By | Friday, June 26, 2015 Leave a Comment
Here's Tina's Groove from Wednesday...
Tina's Groove
Pigeons + large umbrella = dangerous place to store food.

Exactly how funny you find that is a matter of taste, of course, but I think people can understand where Rina Piccolo was coming from even if the gag isn't quite their cup of tea. However, Piccolo noted
What's interesting to note is that she specifically cites concerns from the Comics Kingdom audience. Not her Twitter followers, not the folks hitting her website, just the ones seeing the comic on Comics Kingdom. So I clicked over to see how it was displayed there and what folks were saying. There weren't a ton of comments, but no one who did comment (besides Piccolo herself) seemed to understand it.

But there's a difference in how the comic is displayed.
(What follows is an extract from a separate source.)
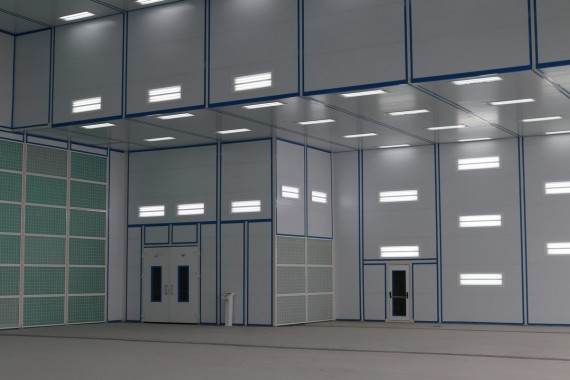 Покрасочно-сушильная камера для самолетов Airbus в Авиационно-техническом центре Покрасочно-сушильная камера SPK GROUP для самолетов Airbus в Авиационно-техническом центре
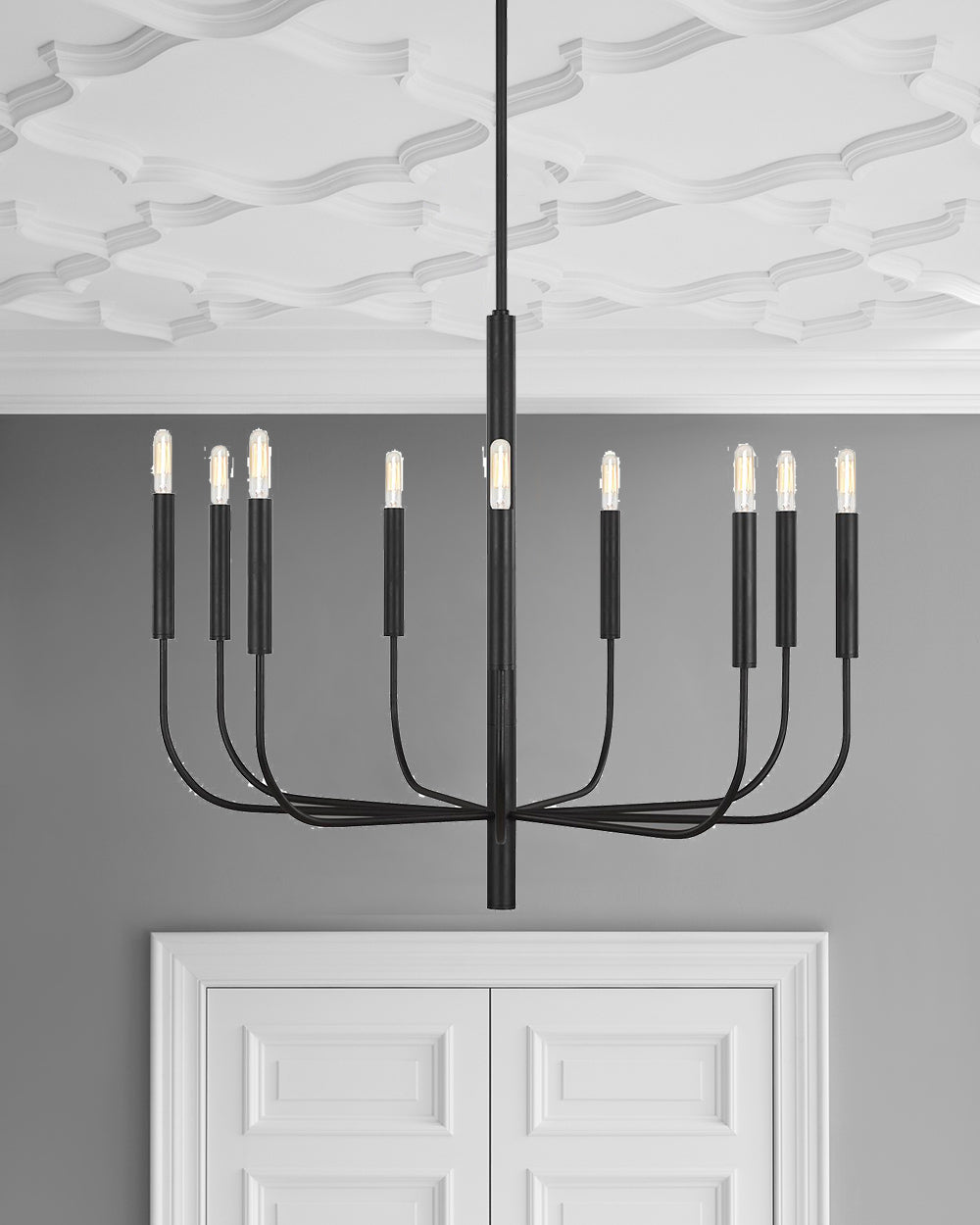 Olcarel Industrieller Vintage Kronleuchter aus Messing-Letslighting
It's notably smaller on Comics Kingdom than elsewhere. You can click to get an enlarged version of the strip, but since you can read the text and identify the figures at the smaller size, I can see why a lot of people wouldn't bother. So my guess is that, in the smaller size version, it's too difficult to "read" the kebab fixings as kebab fixings thus preventing viewers from getting the joke.

That's a challenge of newspaper strip artists. Their art can and is viewed at a wide variety of sizes and formats. The illustration has to be simple enough to read in black and white at the small size many newspapers print them at, but it also has to be adaptable to color, and not so simple that it looks stark and empty on a large desktop monitor. Not to mention all sorts of permeations in between, including smart phones, email inboxes, feed readers, and the syndicate's site itself. Although it would seem to fly in the face of common sense, webcomikers actually have MORE control over how people read their comics and at what size(s). Their work might cross any number of digital platforms and venues, but it's still all digital, whereas newspaper strips also have to contend with print versions that are subject to the layouts and placements of hundreds of individual editors. Many of which, I might add, likely operate with a nagging fear that their employer (and, by extension, their own job) will become obsolete soon.

My point is that newspaper cartoonists have a more difficult time than they used to. There were long-running complaints that the size that comics were printed at was shrinking, frequently leaving room for little more than talking heads. Which is still the case. But now they ALSO have to be rendered at a larger size that can fill up a computer screen and not get lost in a sea of banner ads, social media icons, and the like. Inevitably, you're going to wind up with some jokes that simply do not read well at one end of the spectrum or the other.